CloudCoin will be backed by USD reserves held in US Treasury securities. We earn interest on those reserves as adoption grows. This is not speculative: Tether earned $6.2 billion in 2024 from interest on reserves alone, up from $0.1 billion in 2020.

How it makes money

Interest income on the float. It requires no per-transaction effort and scales with the total value held in the system rather than with activity — so it grows even when users are idle.

Contingent on reserve infrastructure and the regulatory work in the use of funds.

Pro Software Licences

Drawing Board
Upgrade path for power users
What it is

A paid tier of the client with capabilities the free version omits: larger file uploads, striping across more QMail servers, encryption of stored mail and coins, and multiple wallets.

How it makes money

One-time licence at ~$10. Near-zero marginal cost per unit, and it converts the free base we acquire through the influencer channel.

On the drawing board.

QMail Server Software

Drawing Board
Let users run the network for us
What it is

Licensed server software that lets any user operate their own QMail server. CBDF efficiency is what makes this realistic — the hardware requirement is small enough for an ordinary person to meet.

How it makes money

Licence at ~$99 per server. Every licence sold both books revenue and decentralises the network further, which strengthens the core security claim rather than costing us margin to deliver.

On the drawing board. Self-hosting itself is being implemented now.

Pre-Built Q-Node Hardware

Drawing Board
A server engineered for QMail
What it is

A physical server built specifically for QMail, shipped ready to run, for buyers who want the sovereignty without assembling anything.

How it makes money

Hardware sale at approximately $7,000 per unit.

On the drawing board. Unit economics need revisiting — see the note below.

Certification & Training

Drawing Board
Certified Security Messenger
What it is

Professional certification for QMail and RAIDA. Certified practitioners create the installed base of expertise enterprises require before they will adopt — the same flywheel Cisco and AWS built their channels on.

How it makes money

Per-certification fees across a practitioner tier and an engineer tier.

On the drawing board. Pricing needs to be settled — see the note below.

Network & Domain Auctions

Drawing Board
The Founder's Fund
What it is

CloudCoin's RAIDA supports 65,535 independent currency networks, and QMail's namespace supports up to 256 top-level domains independent of DNS. Both are finite, and both can be auctioned.

How it makes money

Auction proceeds. This is a balance-sheet asset that exists because we own the namespace — no competitor can auction what they do not control.

On the drawing board.

Enterprise & Government

Drawing Board
Where the compliance budget already exists
What it is

Licensed QMail deployments for corporations and government agencies, plus QSockets — a quantum-safe wrapper that retrofits existing legacy systems without a rewrite.

How it makes money

Enterprise licensing and contract value. The buying trigger is external and already funded: the US government has budgeted $7.1 billion for its post-quantum transition, and CNSA 2.0 mandates quantum-safe algorithms for national security systems.
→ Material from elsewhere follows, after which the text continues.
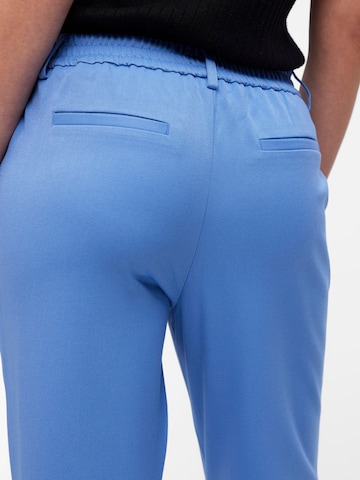 OBJECT - Tapered Pantalón 'Lisa' en azul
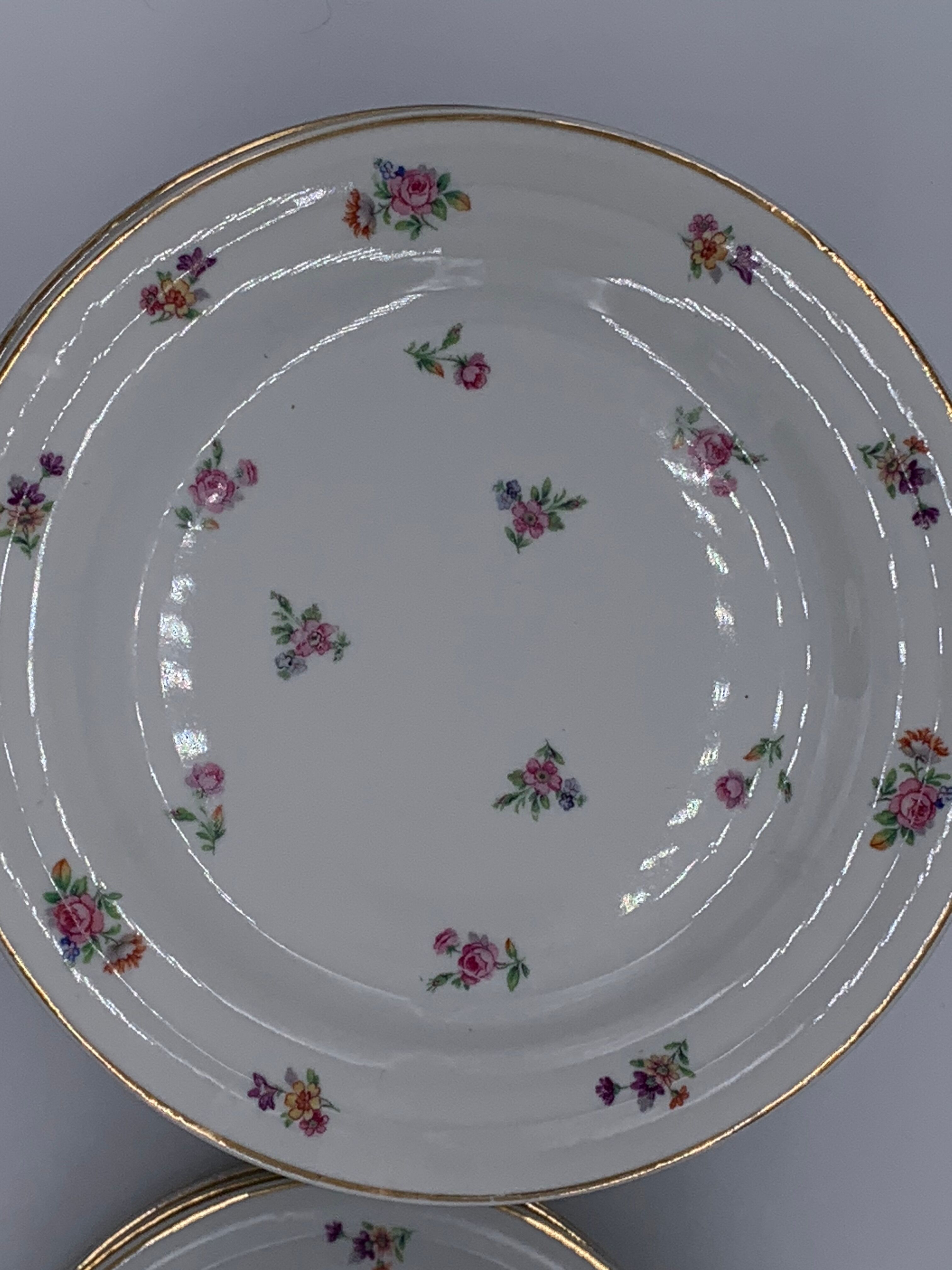 Vintage plates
On the drawing board. This is the line least dependent on consumer adoption.

Financial Services

Drawing Board
Disintermediating the card networks
What it is

Once value moves natively inside messages, commerce and lending follow. Card networks take 2–4% of every transaction; QMail enables direct peer-to-peer transfer with no middleman.

How it makes money

Commission on commerce settled through the network, plus lending against reserves.

On the drawing board.

How the models reinforce each other

These are not independent bets. CloudCoin is the settlement rail, so address sales, subscriptions, micropayments and advertising all drive coin demand — and coin demand grows the reserve, which generates interest income whether or not anyone sends a message that day.

The influencer market is the acquisition engine for all of it. An influencer promoting their QMail address is simultaneously selling addresses, coins and the network itself, at close to zero cost to us. Server licensing then pushes infrastructure cost onto the people buying the licences, which strengthens the decentralisation claim rather than eroding margin.